## Data for review
#####
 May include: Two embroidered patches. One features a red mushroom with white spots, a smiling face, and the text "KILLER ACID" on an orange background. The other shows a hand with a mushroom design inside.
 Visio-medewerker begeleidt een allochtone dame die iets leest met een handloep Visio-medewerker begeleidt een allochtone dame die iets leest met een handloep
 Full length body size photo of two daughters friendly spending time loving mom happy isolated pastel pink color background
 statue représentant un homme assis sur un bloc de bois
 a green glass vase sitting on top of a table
#####
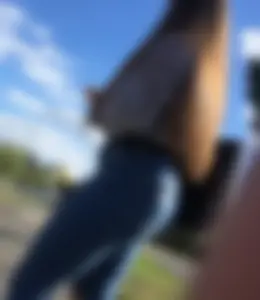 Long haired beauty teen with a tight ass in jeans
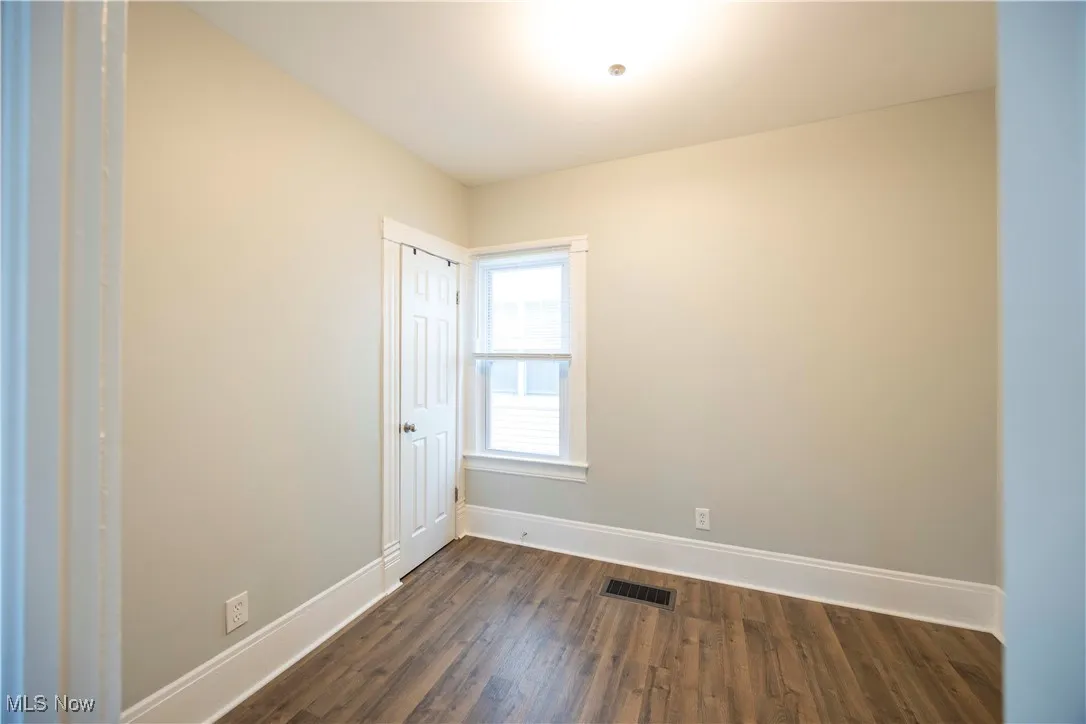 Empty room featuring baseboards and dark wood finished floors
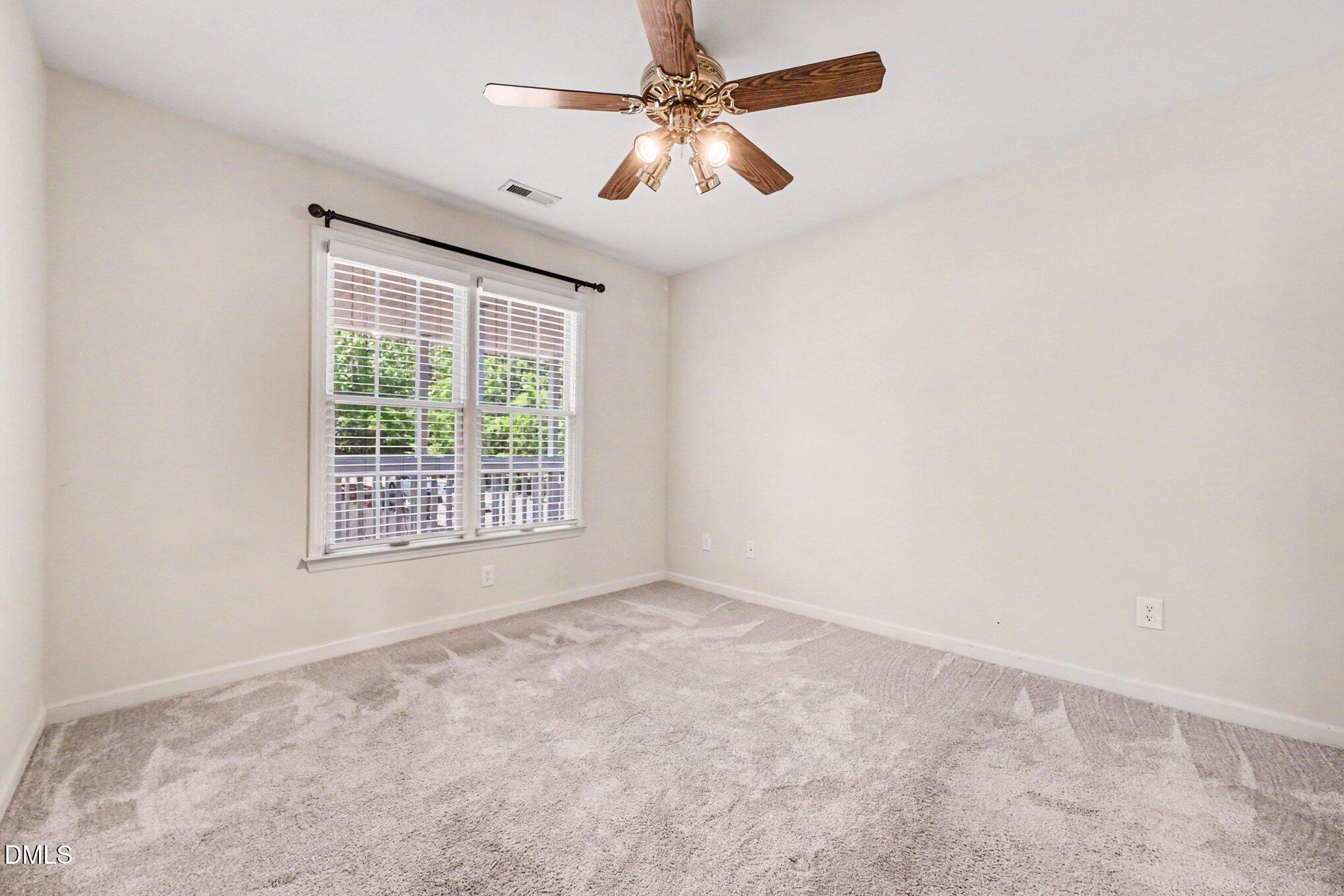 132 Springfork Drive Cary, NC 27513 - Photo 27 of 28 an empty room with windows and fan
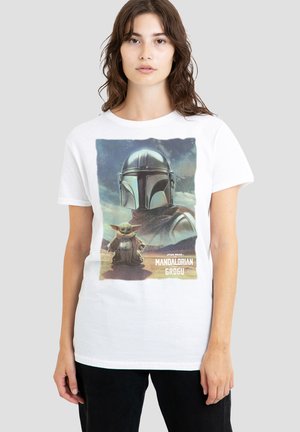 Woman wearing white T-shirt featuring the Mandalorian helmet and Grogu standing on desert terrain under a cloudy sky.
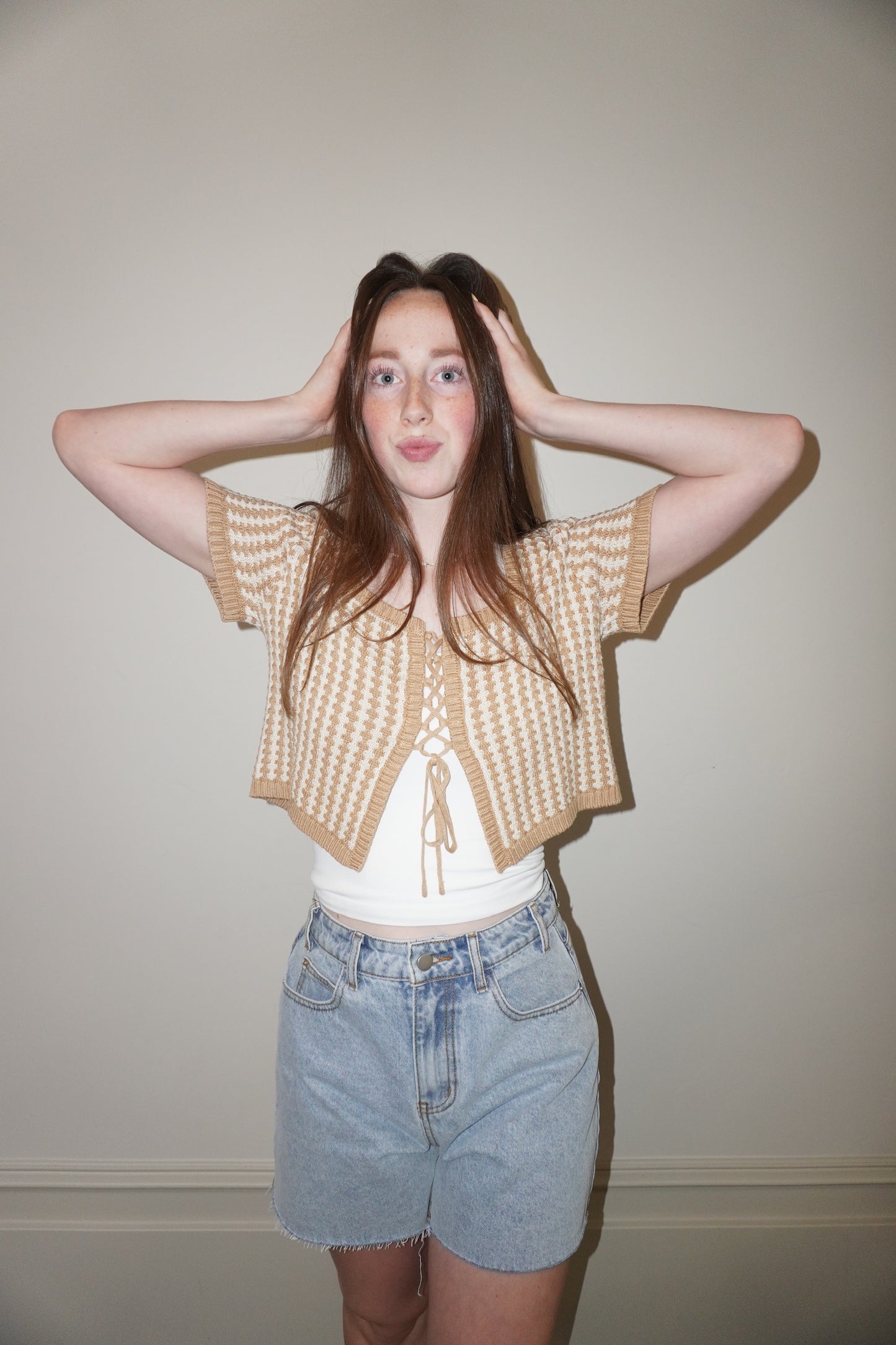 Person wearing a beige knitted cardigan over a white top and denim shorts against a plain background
#####
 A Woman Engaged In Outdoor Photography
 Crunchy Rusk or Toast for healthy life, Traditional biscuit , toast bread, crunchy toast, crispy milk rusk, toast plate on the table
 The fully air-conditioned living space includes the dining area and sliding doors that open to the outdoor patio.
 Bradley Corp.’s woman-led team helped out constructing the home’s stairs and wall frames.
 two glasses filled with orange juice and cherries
#####
## Your goal
Look above for the line with "Bradley Corp.’s woman-led" and the line with "two glasses filled". Write out those two lines and all the lines between them, exactly, and no others.

## Your solution
 Bradley Corp.’s woman-led team helped out constructing the home’s stairs and wall frames.
 two glasses filled with orange juice and cherries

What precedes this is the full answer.